A likelihood is a function that tells us how likely we are to observe our data for a given parameter value (or values).

Unlike Ordinary Least Squares (OLS), they do not require the responses be independent, identically distributed, and normal (iidN)
They are not the same as probability functions
- Probability function: Fixed parameter value(s) + input possible outcomes \(\Rightarrow\) probability of seeing the different outcomes given the parameter value(s)
- Likelihood: Fixed data + input possible parameter values \(\Rightarrow\) probability of seeing the fixed data for each parameter value

Fouls in college basketball games

The data set 04-refs.csv includes 30 randomly selected NCAA men’s basketball games played in the 2009 - 2010 season.

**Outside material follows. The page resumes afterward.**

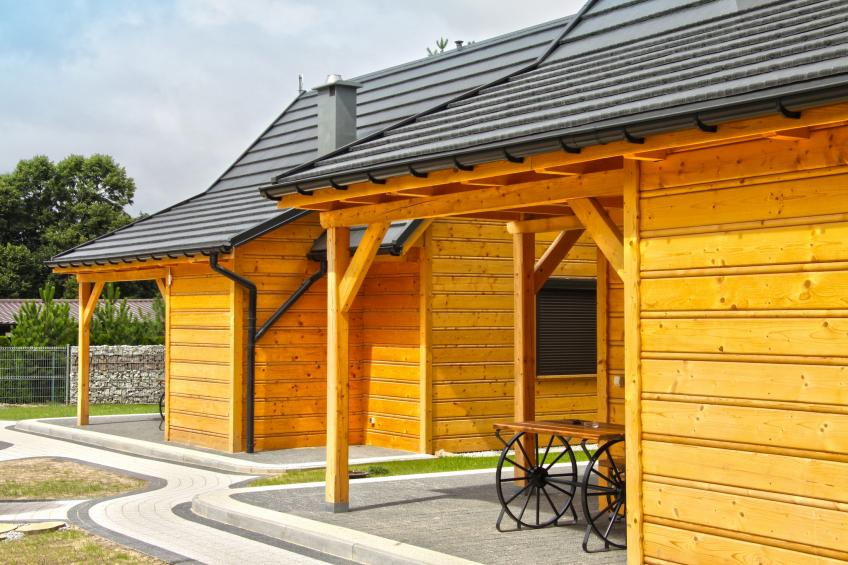 Domki wakacyjne w stylu góralskim z kominkiem Lubrza - foto 14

We will focus on the variables foul1, foul2, and foul3, which indicate which team had a foul called them for the 1st, 2nd, and 3rd fouls, respectively.

H: Foul was called on the home team
V: Foul was called on the visiting team

. . .

We are focusing on the first three fouls for this analysis, but this could easily be extended to include all fouls in a game.

Fouls in college basketball games

refs <- read_csv("data/04-refs.csv")
refs %>% slice(1:5) %>% kable()

game	date	visitor	hometeam	foul1	foul2	foul3
166	20100126	CLEM	BC	V	V	V
224	20100224	DEPAUL	CIN	H	H	V
317	20100109	MARQET	NOVA	H	H	H
214	20100228	MARQET	SETON	V	V	H
278	20100128	SETON	SFL	H	V	V

We will treat the games as independent in this analysis.

Different likelihood models

Model 1 (Unconditional Model): What is the probability the referees call a foul on the home team, assuming foul calls within a game are independent?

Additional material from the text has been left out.